### Exercise objective
Please output exactly the lines from the one that holds "Unkomplizierter, fitter 8J." through the final line of the data, and nothing else; leave out any pictures.

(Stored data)
=== Begin Enclosure ===

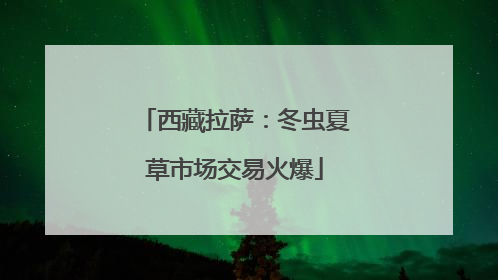 西藏拉萨：冬虫夏草市场交易火爆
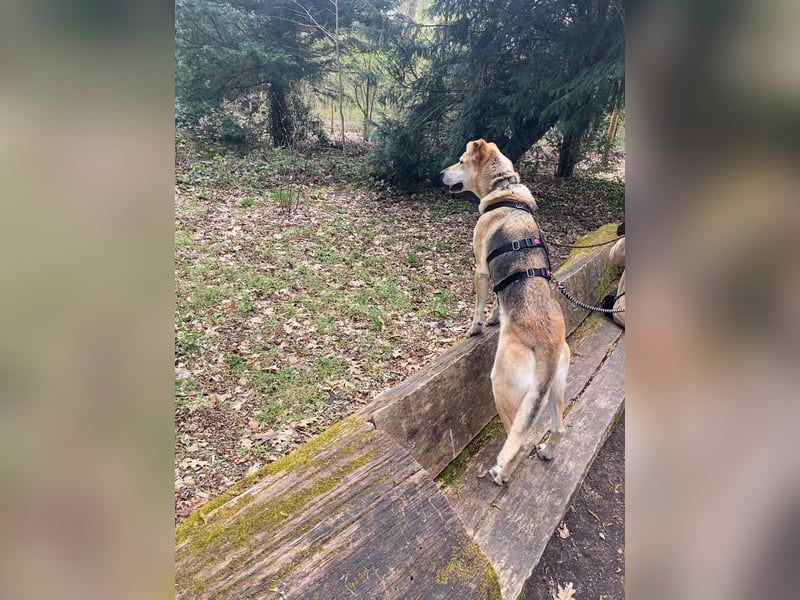 Unkomplizierter, fitter 8J. Familienhund, gepflegt, stubenrein, kastr.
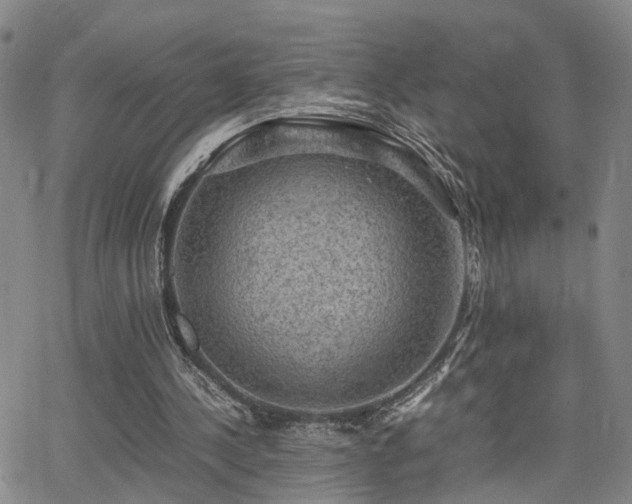 X0000062150244200512091321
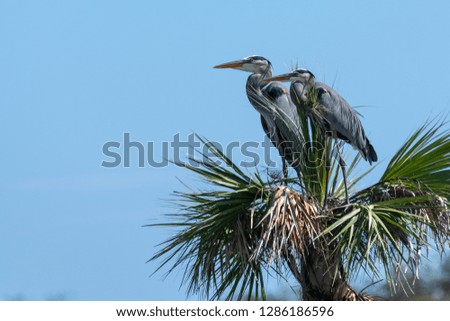 Great Blue Herons in the Top of a Palm Tree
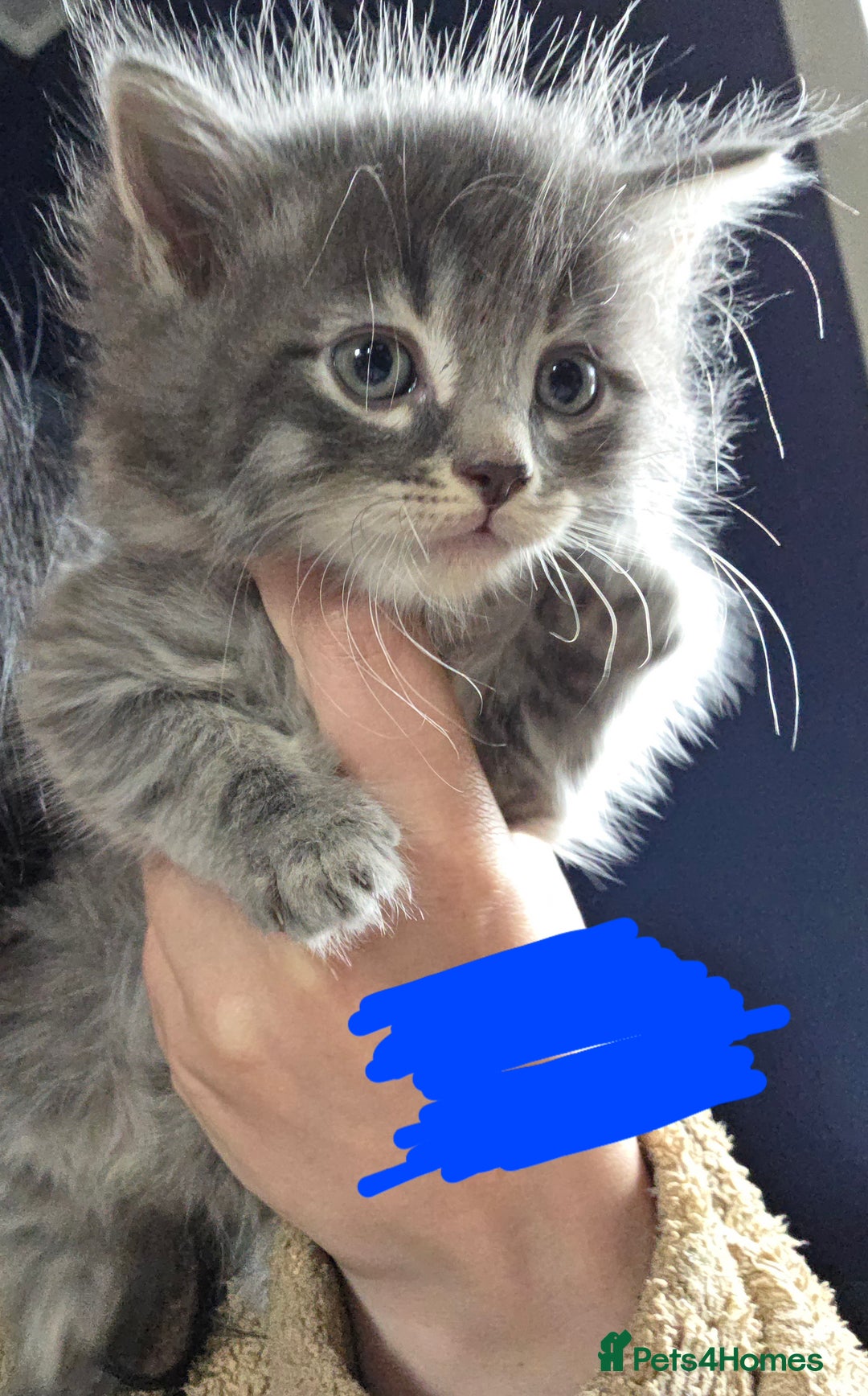 Domestic Shorthair cats for sale: Kittens - Image 2
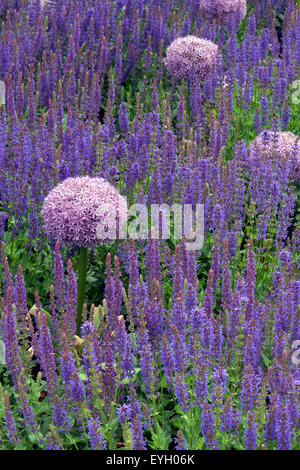 Steppen-Salbei; Riesenlauch Foto Stock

=== End Enclosure ===

### Response
 Unkomplizierter, fitter 8J. Familienhund, gepflegt, stubenrein, kastr.
 X0000062150244200512091321
 Great Blue Herons in the Top of a Palm Tree
 Domestic Shorthair cats for sale: Kittens - Image 2
 Steppen-Salbei; Riesenlauch Foto Stock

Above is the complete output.